Politics behind the theory
For a dry thesis on human prehistory, the Indo-European theory of migration has caused enormous upheavals in the modern world. Because these initial Indo-European speakers had been able to get about and, in many cases, managed to spread their culture around, a certain Mr Hitler, who considered himself a descendant of these people – the Aryans – mangled the theory into one of racial supremacy.
Race as a concept is mostly nonsense but the damage that Hitler caused with it meant that academics stopped using the word “Aryan” lest anyone think they were talking of a blue-eyed, blonde-haired alpha people (although Indian text books are yet to get the memo). “Indo-European” is the correct term now.
While the Nazis had gone overboard in their acceptance of Aryan migration, at the other end of the spectrum, many of the very people who had coined the word “Aryan” have rejected it completely.
The Hindutva out-of-India myth
In India, driven by the 20th-century ideology of Hindutva, which made nationality a matter of historical association with the subcontinent, a few people vehemently dismissed this now-standard academic consensus of migrants from the north-west bringing into India key cultural markers such as the nascent Vedic religion and early forms of Sanskrit, the liturgical language of modern Hinduism.

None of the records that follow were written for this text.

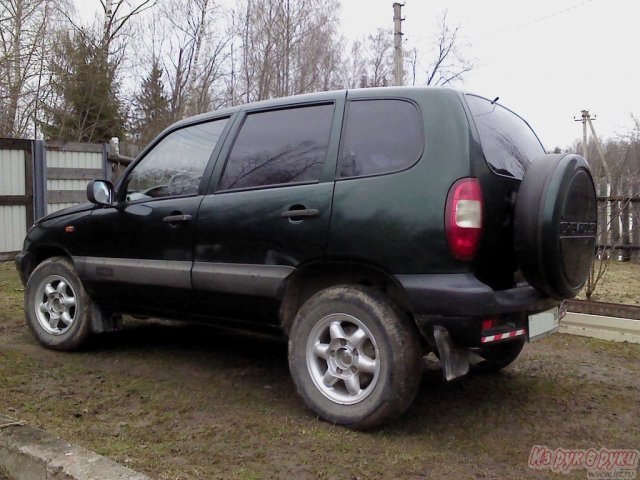 Chevrolet Niva,  внедорожник,  2004 г. в.,  пробег:  82000 км.,  механическая в городе Псков, фото 4, стоимость: 235 000 руб.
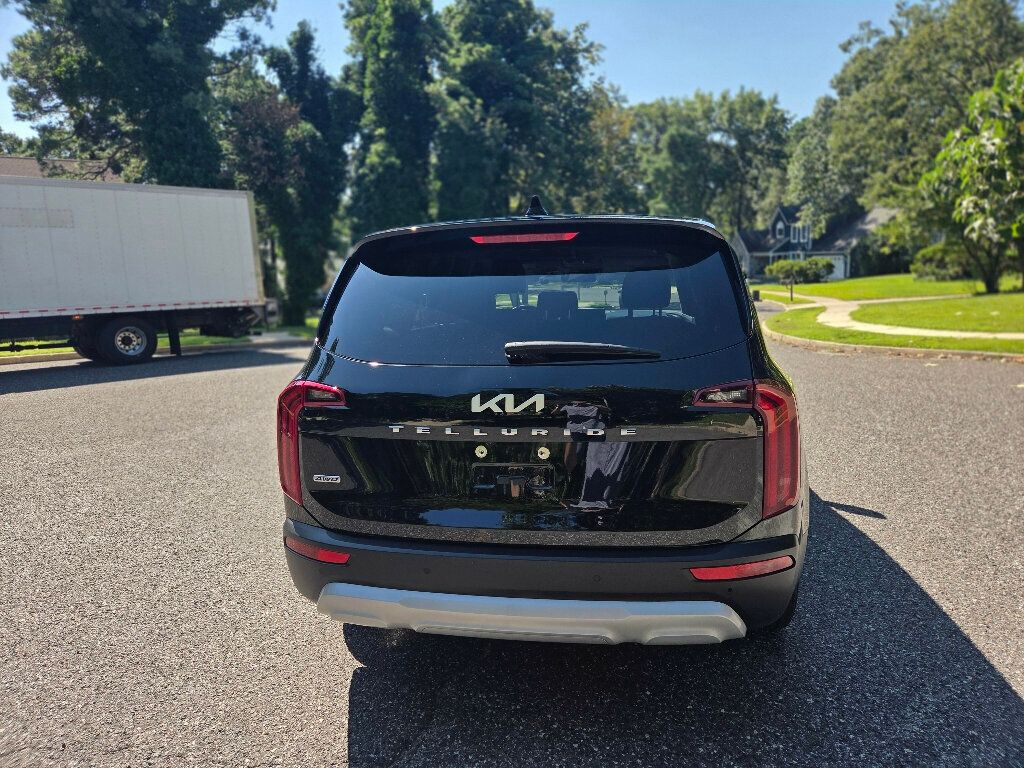 2022 Kia Telluride LX photo 4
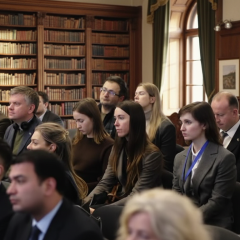 Заступниця міністра закордонних справ на брифінгу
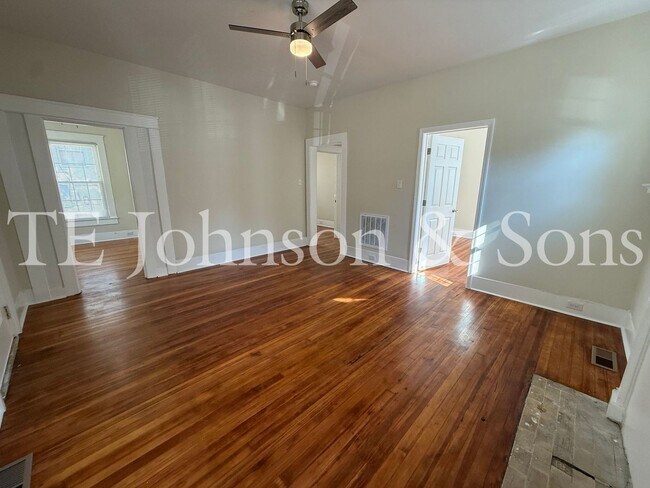 Foto del edificio - 415 E 16th St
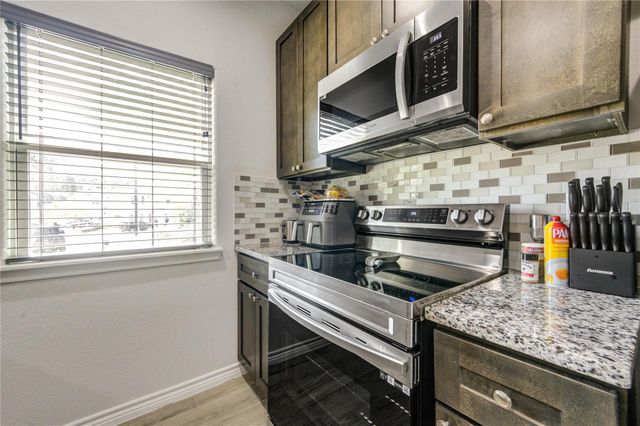 849 Queenswood, Montgomery, TX 77316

Instead, hemmed in by doctrine, Hindutva ideologues such as Belgian Indologist Koenraad Elst try and explain the massive spread of Indo-European languages by postulating that the original home of these Aryans was India – a theory almost as ridiculous today as Intelligent Design or a Flat Earth Hypothesis.
With the Hindutva ideology gaining popularity, you now have a huge number of people who consider this sort of dodgy stuff to be authentic. And as we can see from peeping across our western border, believing in a wonky, made-up history can have terrible consequences.